Retype, word for word, every line of the records below starting at the one that contains "Folinis balionas „Paw" and ending at the one that contains "Miniatura 8 de"; include both of those lines and nothing more.

SOURCE INFORMATION: Begin

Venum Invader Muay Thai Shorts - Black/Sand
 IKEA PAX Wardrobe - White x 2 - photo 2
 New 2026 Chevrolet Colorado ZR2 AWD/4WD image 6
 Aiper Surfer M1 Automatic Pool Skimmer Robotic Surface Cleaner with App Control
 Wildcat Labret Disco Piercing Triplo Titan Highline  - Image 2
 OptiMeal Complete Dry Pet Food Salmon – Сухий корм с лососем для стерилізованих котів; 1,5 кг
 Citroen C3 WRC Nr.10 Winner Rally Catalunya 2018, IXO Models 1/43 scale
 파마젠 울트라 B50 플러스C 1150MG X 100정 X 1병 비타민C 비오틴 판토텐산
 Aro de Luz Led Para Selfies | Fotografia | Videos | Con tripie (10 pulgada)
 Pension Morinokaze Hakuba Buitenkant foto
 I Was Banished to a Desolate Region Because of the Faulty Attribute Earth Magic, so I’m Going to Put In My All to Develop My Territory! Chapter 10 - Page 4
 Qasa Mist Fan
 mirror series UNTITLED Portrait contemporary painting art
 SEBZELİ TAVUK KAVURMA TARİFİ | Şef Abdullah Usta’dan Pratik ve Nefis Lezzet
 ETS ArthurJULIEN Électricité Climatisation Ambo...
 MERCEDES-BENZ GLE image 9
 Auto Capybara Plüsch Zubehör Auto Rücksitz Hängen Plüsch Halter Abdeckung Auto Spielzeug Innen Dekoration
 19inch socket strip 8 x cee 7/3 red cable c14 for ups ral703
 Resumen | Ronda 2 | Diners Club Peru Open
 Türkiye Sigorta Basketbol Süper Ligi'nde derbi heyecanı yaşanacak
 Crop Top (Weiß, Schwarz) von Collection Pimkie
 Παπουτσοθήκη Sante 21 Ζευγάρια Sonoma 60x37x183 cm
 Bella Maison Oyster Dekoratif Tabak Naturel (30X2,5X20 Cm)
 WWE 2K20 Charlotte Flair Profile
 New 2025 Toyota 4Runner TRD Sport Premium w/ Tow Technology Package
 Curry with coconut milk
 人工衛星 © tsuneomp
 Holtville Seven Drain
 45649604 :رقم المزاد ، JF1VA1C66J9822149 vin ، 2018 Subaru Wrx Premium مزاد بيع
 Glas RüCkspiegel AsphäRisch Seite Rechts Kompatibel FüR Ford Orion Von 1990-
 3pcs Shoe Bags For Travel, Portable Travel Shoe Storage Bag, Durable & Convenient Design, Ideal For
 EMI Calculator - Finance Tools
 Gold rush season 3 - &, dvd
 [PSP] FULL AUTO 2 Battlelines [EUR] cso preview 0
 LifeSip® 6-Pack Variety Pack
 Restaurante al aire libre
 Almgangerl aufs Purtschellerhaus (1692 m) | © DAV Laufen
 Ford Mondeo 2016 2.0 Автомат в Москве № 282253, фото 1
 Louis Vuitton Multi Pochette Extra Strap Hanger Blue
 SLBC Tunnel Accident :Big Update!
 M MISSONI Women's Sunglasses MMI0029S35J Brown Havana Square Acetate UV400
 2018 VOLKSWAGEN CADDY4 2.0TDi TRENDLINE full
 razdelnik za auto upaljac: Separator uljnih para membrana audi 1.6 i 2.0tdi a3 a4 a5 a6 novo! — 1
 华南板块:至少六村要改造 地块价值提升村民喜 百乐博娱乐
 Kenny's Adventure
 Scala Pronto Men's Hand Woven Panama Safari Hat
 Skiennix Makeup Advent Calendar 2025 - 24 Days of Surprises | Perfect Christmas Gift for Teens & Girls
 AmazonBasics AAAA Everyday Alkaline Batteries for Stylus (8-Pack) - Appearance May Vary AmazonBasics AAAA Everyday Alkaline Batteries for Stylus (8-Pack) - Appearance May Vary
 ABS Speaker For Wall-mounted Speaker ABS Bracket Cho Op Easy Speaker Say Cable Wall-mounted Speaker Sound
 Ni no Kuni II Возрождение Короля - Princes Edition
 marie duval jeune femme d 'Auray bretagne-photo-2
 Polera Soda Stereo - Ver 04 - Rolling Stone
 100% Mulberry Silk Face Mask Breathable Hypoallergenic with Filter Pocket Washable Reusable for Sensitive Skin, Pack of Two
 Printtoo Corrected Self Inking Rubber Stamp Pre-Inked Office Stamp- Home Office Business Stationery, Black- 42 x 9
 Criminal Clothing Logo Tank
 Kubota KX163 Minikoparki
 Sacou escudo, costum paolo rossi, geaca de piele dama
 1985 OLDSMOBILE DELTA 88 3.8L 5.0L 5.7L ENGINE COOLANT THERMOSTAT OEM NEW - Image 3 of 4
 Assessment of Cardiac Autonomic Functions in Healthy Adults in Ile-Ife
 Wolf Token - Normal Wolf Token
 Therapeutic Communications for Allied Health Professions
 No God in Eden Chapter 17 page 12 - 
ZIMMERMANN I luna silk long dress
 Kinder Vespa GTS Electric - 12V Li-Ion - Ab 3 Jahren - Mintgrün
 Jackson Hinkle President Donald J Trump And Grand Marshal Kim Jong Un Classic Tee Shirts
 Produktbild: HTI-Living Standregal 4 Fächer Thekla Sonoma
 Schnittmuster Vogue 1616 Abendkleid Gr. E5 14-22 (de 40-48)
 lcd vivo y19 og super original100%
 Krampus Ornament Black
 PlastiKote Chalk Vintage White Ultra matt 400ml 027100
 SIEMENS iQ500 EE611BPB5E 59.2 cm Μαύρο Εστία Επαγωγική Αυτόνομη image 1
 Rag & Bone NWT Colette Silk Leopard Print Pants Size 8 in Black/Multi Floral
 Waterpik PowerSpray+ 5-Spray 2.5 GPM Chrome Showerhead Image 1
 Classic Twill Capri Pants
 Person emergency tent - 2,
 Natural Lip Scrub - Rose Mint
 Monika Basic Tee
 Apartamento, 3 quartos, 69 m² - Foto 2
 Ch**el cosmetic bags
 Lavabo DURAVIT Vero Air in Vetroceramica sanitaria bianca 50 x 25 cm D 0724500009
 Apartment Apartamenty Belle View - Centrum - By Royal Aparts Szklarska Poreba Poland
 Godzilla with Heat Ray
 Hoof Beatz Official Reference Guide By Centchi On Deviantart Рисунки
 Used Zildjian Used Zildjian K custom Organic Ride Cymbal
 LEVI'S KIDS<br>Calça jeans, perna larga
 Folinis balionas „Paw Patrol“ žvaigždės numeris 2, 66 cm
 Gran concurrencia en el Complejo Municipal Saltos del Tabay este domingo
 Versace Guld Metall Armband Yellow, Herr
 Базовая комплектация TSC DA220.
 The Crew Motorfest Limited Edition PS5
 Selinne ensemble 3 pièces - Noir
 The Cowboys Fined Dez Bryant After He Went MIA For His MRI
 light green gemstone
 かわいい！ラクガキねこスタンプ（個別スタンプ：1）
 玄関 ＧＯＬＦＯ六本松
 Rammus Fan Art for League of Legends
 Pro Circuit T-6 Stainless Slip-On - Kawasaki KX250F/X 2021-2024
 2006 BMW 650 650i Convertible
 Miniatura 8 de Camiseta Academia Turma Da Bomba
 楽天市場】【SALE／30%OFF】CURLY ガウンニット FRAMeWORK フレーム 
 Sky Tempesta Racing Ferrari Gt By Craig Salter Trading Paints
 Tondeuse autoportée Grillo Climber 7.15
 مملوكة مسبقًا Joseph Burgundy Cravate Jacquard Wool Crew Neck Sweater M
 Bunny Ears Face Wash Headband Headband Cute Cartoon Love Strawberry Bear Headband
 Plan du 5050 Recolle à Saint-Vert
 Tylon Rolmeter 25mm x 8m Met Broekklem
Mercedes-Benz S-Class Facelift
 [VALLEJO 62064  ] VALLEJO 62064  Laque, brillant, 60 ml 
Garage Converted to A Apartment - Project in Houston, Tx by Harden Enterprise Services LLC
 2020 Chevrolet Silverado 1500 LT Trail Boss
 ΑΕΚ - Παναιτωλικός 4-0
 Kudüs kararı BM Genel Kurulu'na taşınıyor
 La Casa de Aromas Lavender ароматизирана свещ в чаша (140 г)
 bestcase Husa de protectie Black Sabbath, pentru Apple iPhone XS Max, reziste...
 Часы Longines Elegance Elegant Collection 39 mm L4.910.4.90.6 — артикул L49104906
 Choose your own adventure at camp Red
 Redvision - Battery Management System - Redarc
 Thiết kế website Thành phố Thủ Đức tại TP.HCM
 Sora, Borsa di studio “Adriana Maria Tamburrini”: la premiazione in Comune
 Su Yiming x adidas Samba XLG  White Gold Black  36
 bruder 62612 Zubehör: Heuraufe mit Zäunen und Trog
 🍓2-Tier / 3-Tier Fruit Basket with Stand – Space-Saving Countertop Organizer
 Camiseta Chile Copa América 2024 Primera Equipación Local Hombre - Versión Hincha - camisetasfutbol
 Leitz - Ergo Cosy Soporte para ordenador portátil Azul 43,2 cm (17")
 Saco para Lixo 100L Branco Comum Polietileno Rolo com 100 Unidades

SOURCE INFORMATION: End

__ANSWER TO THIS PROBLEM__.
 Folinis balionas „Paw Patrol“ žvaigždės numeris 2, 66 cm
 Gran concurrencia en el Complejo Municipal Saltos del Tabay este domingo
 Versace Guld Metall Armband Yellow, Herr
 Базовая комплектация TSC DA220.
 The Crew Motorfest Limited Edition PS5
 Selinne ensemble 3 pièces - Noir
 The Cowboys Fined Dez Bryant After He Went MIA For His MRI
 light green gemstone
 かわいい！ラクガキねこスタンプ（個別スタンプ：1）
 玄関 ＧＯＬＦＯ六本松
 Rammus Fan Art for League of Legends
 Pro Circuit T-6 Stainless Slip-On - Kawasaki KX250F/X 2021-2024
 2006 BMW 650 650i Convertible
 Miniatura 8 de Camiseta Academia Turma Da Bomba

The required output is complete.